# [About this exercise]
Copy out the whole listing exactly as given. Skip the pictures.

# [Raw data]
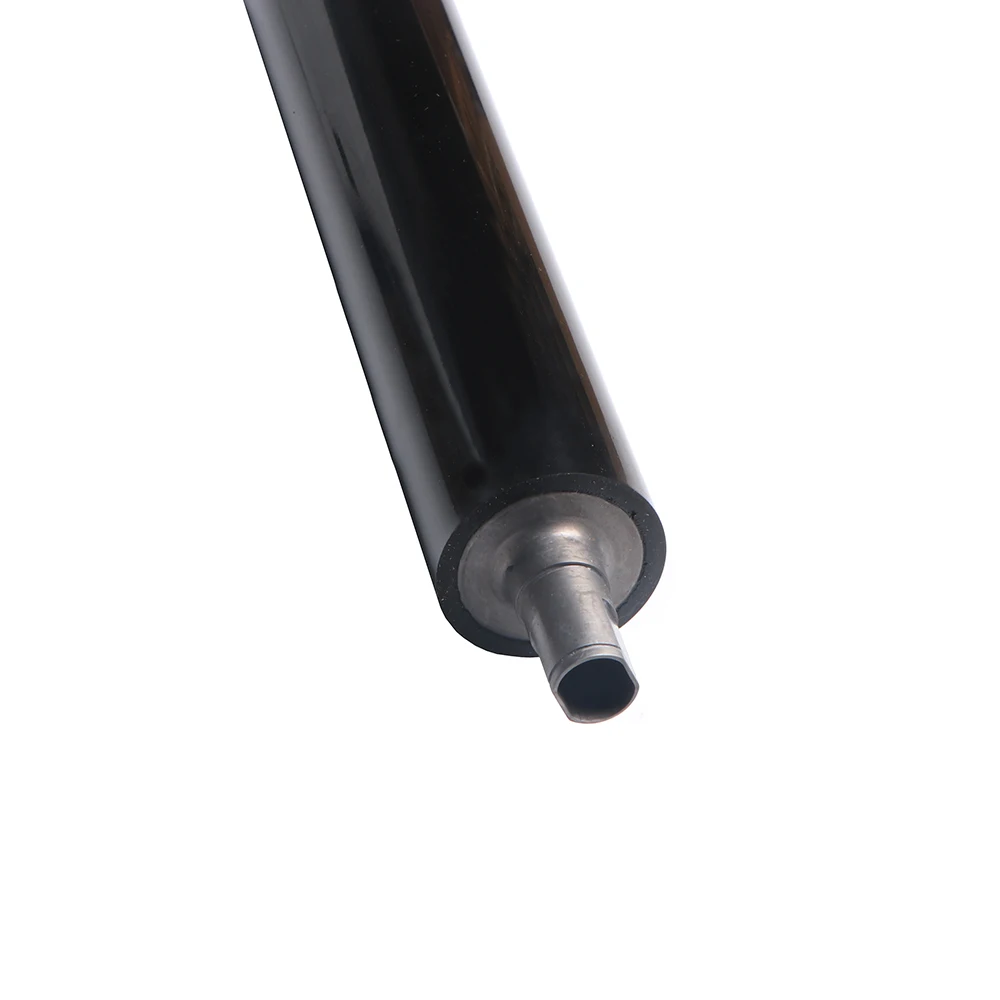 Lower Fuser Roller for Ricoh MPC401 MPC401SR MP C401 C401SR Lower Pressure Roller 401 401SR
Lower Fuser Roller for Ricoh MPC401 MPC401SR MP C401 C401SR Lower Pressure Roller 401 401SR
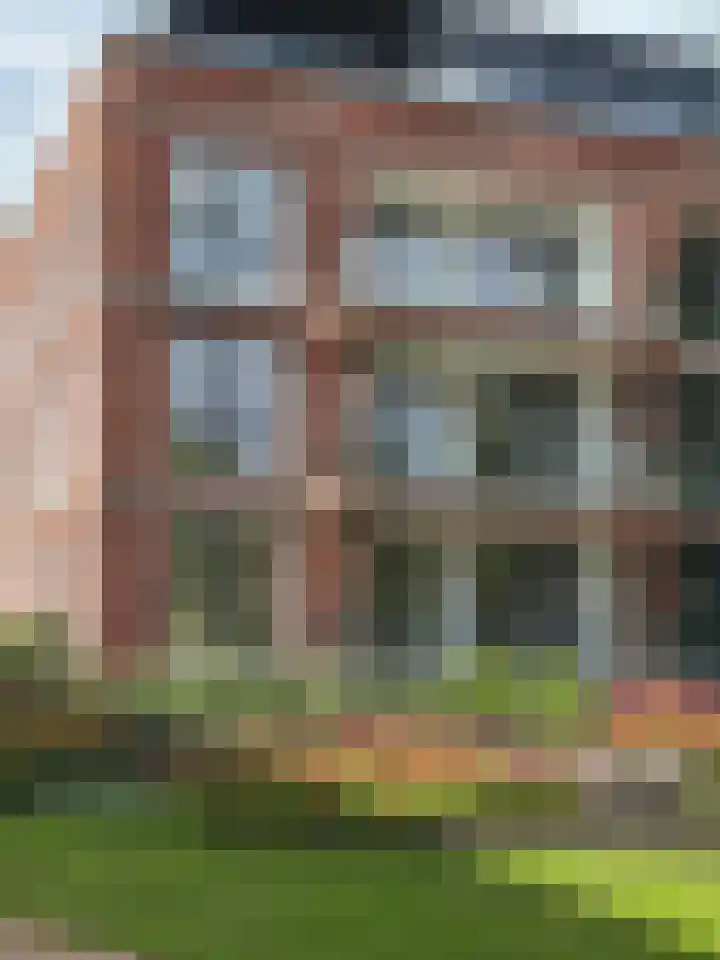 Park Beresteyn 52 Voorschoten thumbnail 4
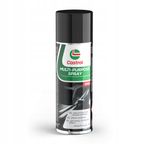 Odrdzewiacz / penetrator - CASTROL 1609C2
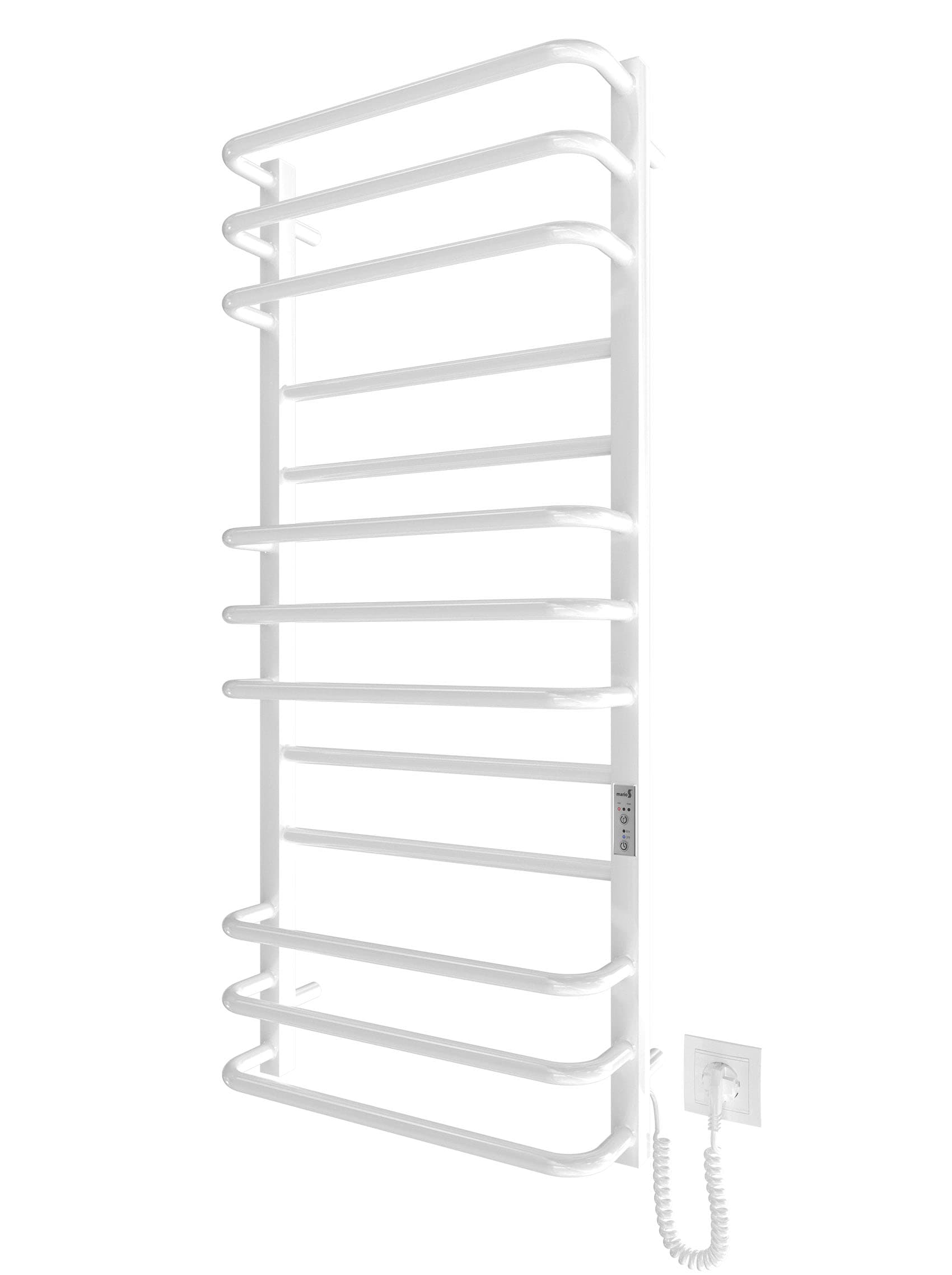 Преміум Люкс-I 1100х500/170 TR К — фото 1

# [Task answer]
 Lower Fuser Roller for Ricoh MPC401 MPC401SR MP C401 C401SR Lower Pressure Roller 401 401SR
Lower Fuser Roller for Ricoh MPC401 MPC401SR MP C401 C401SR Lower Pressure Roller 401 401SR
 Park Beresteyn 52 Voorschoten thumbnail 4
 Odrdzewiacz / penetrator - CASTROL 1609C2
 Преміум Люкс-I 1100х500/170 TR К — фото 1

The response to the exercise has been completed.